The Technology Development Fund, which is similar in intent to iDEX but operated by the DRDO, has not seen much traction, apparently due to procedural rigidity and lack of business viability. Similarly, the Make procedure, which has undergone several rounds of revisions since its first articulation in 2006, has yet to make a big dent in awarding a large number of prototype development contracts to the private sector. The government’s decision to open up 25 per cent of the defence R&D budget for the private sector has also not seen any traction beyond the policy announcement. 
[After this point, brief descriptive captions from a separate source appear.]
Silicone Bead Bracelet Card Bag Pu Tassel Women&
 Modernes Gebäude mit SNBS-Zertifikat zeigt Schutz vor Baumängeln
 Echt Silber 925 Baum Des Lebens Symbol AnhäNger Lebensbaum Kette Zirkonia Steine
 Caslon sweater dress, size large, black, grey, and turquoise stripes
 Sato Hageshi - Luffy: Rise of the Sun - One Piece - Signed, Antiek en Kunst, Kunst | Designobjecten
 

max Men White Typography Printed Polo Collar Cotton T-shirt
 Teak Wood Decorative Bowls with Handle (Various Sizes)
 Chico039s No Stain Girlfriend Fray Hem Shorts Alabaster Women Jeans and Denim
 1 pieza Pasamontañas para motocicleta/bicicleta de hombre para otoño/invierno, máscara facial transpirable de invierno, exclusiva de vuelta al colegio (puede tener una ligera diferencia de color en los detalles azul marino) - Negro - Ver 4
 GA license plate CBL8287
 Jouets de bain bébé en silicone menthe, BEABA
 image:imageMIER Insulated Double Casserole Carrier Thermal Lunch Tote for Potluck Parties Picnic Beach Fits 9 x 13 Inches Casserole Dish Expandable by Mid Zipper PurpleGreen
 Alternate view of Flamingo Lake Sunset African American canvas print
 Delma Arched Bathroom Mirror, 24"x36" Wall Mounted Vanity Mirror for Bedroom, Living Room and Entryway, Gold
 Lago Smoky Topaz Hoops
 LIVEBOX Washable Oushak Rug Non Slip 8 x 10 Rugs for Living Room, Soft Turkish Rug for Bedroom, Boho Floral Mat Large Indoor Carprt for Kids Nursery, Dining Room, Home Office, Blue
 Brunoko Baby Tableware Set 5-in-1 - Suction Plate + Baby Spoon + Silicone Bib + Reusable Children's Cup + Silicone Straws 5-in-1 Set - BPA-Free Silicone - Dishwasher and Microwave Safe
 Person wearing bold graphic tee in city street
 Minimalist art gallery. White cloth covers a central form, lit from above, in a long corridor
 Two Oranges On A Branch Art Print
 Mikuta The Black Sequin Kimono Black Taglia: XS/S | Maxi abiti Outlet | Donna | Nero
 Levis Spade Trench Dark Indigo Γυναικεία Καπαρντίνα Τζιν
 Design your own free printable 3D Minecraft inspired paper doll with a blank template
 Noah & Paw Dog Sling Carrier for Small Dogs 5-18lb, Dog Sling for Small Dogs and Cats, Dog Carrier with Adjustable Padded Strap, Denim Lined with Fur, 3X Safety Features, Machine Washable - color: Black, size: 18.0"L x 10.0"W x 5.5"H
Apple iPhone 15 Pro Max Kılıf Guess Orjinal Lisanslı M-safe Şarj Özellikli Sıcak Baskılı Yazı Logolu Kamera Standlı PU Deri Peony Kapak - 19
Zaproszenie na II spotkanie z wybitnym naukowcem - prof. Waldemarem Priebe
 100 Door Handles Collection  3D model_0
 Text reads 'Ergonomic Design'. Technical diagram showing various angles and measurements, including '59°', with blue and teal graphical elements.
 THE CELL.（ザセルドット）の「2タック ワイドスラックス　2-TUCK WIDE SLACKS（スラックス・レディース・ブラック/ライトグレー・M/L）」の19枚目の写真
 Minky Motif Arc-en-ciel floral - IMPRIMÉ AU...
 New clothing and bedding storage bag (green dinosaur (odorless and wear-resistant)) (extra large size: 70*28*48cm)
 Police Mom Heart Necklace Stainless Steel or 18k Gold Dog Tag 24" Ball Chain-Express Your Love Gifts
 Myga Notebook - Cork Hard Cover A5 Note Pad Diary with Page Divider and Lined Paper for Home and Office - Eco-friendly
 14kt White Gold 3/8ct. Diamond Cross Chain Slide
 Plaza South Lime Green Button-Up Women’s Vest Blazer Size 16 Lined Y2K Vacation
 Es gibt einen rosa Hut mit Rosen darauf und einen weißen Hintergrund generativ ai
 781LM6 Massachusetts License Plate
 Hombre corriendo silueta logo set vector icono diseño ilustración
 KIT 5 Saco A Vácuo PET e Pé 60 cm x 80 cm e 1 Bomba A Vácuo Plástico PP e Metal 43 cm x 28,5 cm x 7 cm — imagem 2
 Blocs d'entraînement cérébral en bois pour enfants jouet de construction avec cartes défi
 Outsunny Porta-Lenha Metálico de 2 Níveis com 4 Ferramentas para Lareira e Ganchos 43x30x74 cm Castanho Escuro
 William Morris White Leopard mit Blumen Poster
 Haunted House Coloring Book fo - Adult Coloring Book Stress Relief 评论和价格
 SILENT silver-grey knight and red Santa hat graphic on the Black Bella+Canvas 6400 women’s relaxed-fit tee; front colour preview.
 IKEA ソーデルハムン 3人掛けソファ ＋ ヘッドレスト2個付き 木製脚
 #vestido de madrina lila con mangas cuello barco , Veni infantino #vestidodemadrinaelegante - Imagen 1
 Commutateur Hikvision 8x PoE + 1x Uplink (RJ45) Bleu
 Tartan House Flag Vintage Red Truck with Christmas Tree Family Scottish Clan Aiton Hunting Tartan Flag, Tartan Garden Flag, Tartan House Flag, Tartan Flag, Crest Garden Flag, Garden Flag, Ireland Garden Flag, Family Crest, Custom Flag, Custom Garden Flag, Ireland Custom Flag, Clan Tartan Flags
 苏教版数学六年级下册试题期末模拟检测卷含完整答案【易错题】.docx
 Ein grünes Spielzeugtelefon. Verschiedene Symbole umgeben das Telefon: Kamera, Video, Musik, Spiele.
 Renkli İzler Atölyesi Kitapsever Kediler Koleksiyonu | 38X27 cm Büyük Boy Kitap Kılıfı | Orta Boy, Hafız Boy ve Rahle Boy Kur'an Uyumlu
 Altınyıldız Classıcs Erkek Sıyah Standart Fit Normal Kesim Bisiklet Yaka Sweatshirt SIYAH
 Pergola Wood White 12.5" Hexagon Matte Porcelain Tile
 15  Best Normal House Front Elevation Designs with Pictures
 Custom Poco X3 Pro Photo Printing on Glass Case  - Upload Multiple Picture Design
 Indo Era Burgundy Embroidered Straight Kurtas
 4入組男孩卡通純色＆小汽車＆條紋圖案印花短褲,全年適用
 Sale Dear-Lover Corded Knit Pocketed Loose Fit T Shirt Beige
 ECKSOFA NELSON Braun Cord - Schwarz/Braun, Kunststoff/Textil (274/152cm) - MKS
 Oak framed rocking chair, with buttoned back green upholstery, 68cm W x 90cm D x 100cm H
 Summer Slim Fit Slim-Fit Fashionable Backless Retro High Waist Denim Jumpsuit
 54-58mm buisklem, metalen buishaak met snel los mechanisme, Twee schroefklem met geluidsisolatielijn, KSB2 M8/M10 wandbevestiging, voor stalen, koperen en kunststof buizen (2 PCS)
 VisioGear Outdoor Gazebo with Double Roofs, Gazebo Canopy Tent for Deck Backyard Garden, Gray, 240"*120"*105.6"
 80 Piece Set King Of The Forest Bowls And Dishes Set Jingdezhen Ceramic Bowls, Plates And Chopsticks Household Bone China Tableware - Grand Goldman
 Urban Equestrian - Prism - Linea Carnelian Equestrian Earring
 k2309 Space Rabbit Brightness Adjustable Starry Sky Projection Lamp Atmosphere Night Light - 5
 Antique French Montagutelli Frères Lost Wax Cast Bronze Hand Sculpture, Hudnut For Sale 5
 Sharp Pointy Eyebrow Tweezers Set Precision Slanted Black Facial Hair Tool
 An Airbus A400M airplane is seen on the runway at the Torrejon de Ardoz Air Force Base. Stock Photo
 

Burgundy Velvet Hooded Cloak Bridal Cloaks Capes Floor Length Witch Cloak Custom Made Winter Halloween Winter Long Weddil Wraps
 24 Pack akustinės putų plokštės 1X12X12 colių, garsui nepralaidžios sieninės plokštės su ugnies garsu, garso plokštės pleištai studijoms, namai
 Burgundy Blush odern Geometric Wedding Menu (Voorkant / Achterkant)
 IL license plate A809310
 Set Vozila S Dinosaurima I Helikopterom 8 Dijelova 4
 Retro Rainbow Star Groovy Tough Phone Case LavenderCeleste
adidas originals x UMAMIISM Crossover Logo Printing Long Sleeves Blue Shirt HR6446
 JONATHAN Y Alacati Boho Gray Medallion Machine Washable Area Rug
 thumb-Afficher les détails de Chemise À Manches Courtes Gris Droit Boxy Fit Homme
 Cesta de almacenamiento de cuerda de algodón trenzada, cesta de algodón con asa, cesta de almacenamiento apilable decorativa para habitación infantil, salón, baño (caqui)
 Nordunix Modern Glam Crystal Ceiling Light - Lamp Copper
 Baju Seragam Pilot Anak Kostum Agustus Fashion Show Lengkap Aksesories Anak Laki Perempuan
If the government has been tardy in stimulating R&D within the industry, the industry, especially the big private companies, has also been found wanting in spurring innovation. According to the Department of Science and Technology, there are only 35 registered private entities which undertake defence R&D. As of 2020-21, their combined R&D spend was a mere Rs 600 crore. This is inadequate, to say the least, to foster defence technologies which are advancing at a rapid pace. 
 
Winning the next war
 
Operation Sindoor was a decisive military action to punish Pakistan and reestablish a credible deterrence. However, given the centrality of the army in Pakistan’s polity, it is unlikely that Islamabad will be deterred forever.  What is for sure is that next time a conflict erupts with Pakistan or its all-weather friend China, the adversary will be better prepared with superior technologies and weapons. Given this, India has little option but to strengthen both its offensive and defensive capabilities, including by harnessing the newer technologies. The private sector, in its limited journey of a quarter century, has done reasonably well in developing and manufacturing a range of defence items. However, going forward, a more aggressive and supportive policy is required to harness its full potential. A speedy and predictable procurement machinery that supports the private sector through timely orders and a comprehensive R&D scheme to incentivise innovation by private players will go a long way in arming the Indian armed forces to fight and win the next war. 
 
Laxman Kumar Behera is an associate professor at the Special Centre for National Security Studies, Jawaharlal Nehru University, New Delhi. Views are personal.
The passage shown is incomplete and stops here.